• _Activity_
Below are lines of records; copy exactly those from the one containing "فقط از مال و اموال من دور باش دختر جون.." through the one containing "羞恥課堂第10話-被玩弄的昀芷老師", leaving the pictures behind.
--- Data records Enclosed Below ---
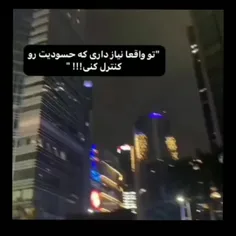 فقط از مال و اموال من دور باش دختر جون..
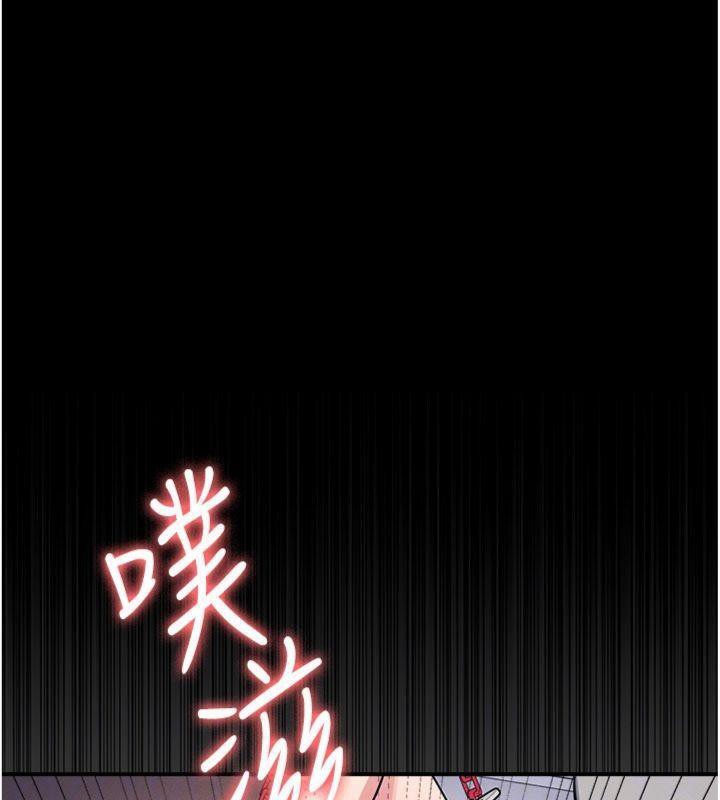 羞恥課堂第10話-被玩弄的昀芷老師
--- End of Enclosed Data records ---
--- Data records Enclosed Below ---
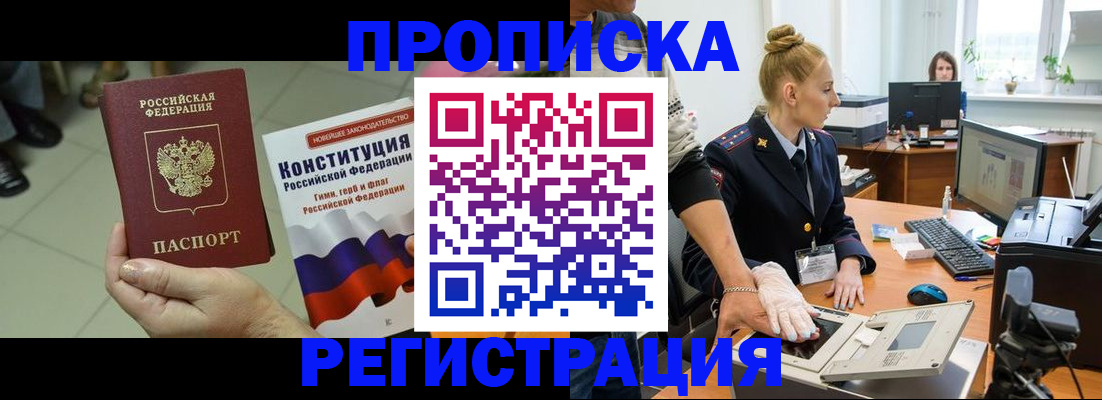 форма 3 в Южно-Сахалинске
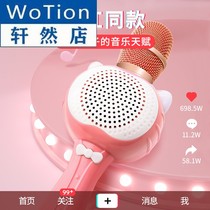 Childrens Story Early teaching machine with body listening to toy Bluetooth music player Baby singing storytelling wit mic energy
--- End of Enclosed Data records ---
--- Data records Enclosed Below ---
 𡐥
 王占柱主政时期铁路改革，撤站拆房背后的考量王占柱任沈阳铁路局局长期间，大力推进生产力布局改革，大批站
--- End of Enclosed Data records ---
• _Output of the task_
 فقط از مال و اموال من دور باش دختر جون..
 羞恥課堂第10話-被玩弄的昀芷老師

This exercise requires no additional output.